* [What this task involves] Starting with the line that holds "Loro Piana Extra" and stopping after the line that holds "#proabortion #abortion #abortionishealthcare", repeat the lines below word for word, without the pictures.

* [Record extracts]
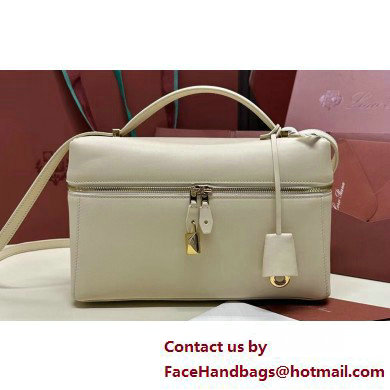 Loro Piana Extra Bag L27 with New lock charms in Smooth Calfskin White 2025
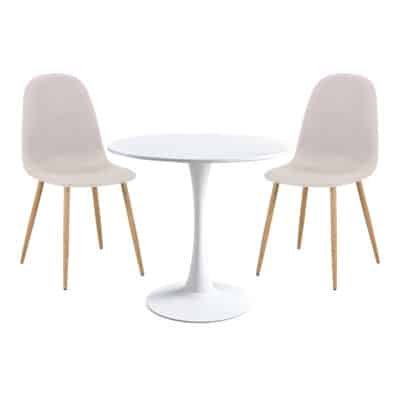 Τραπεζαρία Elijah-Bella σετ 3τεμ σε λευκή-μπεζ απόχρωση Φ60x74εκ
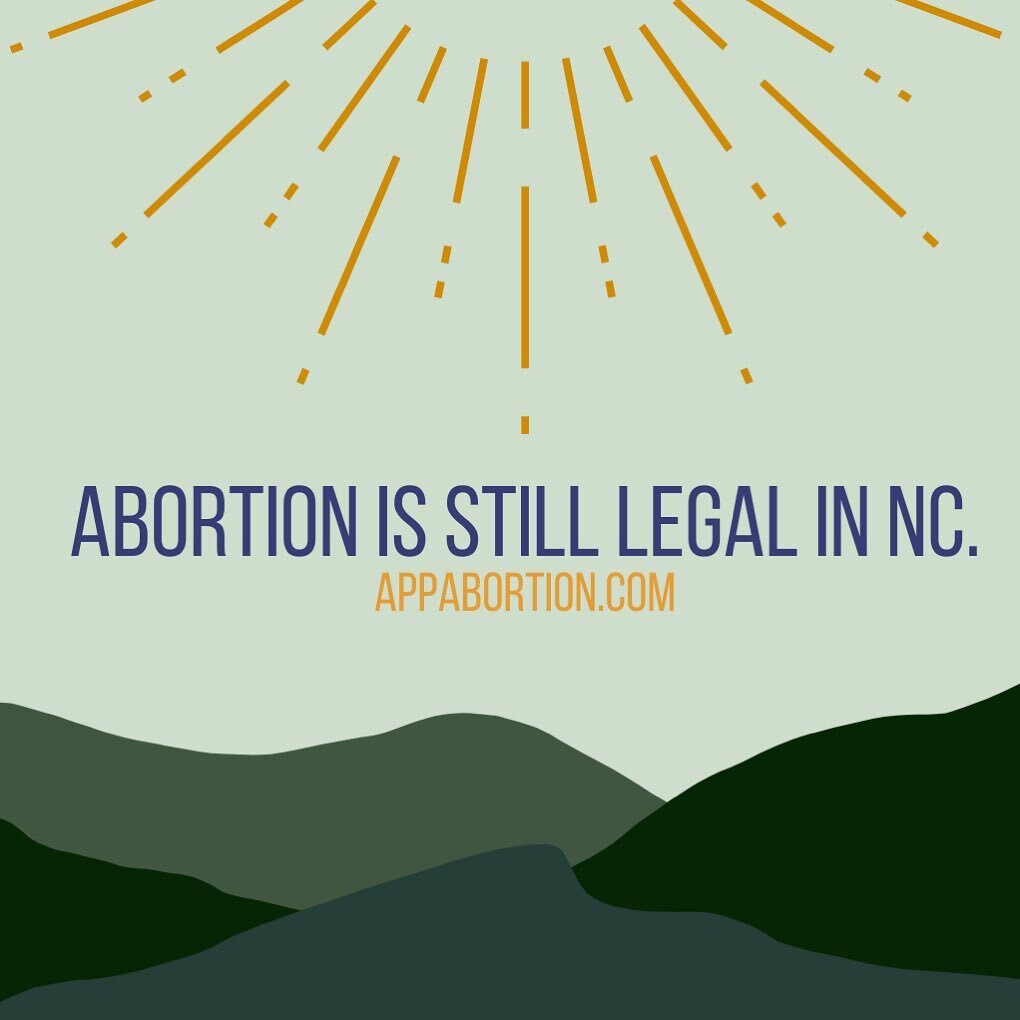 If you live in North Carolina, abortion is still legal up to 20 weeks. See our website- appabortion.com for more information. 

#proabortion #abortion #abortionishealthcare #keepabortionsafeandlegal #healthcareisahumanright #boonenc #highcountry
==
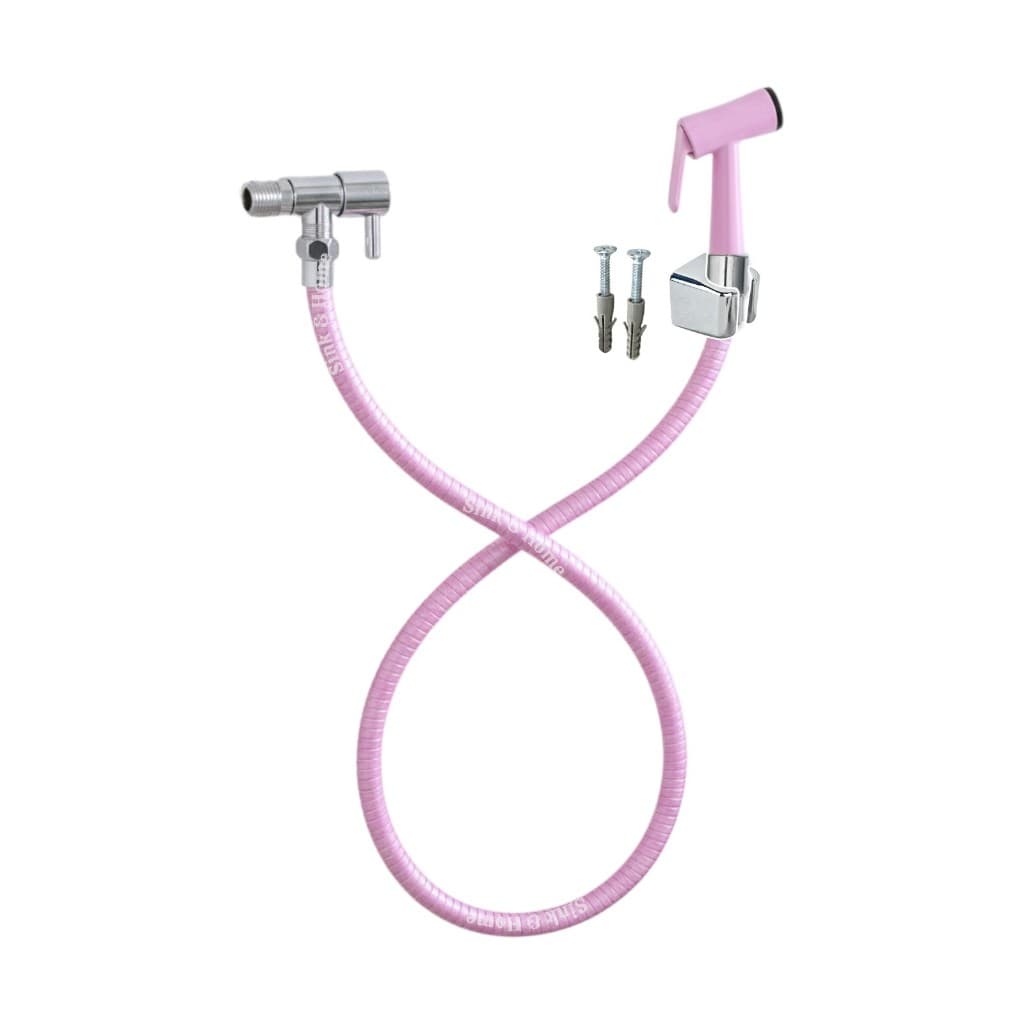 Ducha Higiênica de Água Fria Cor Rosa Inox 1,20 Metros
...
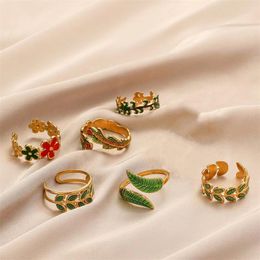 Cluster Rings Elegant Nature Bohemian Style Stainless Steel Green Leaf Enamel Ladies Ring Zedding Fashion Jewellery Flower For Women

* [Solution to this task]
 Loro Piana Extra Bag L27 with New lock charms in Smooth Calfskin White 2025
 Τραπεζαρία Elijah-Bella σετ 3τεμ σε λευκή-μπεζ απόχρωση Φ60x74εκ
 If you live in North Carolina, abortion is still legal up to 20 weeks. See our website- appabortion.com for more information. 

#proabortion #abortion #abortionishealthcare #keepabortionsafeandlegal #healthcareisahumanright #boonenc #highcountry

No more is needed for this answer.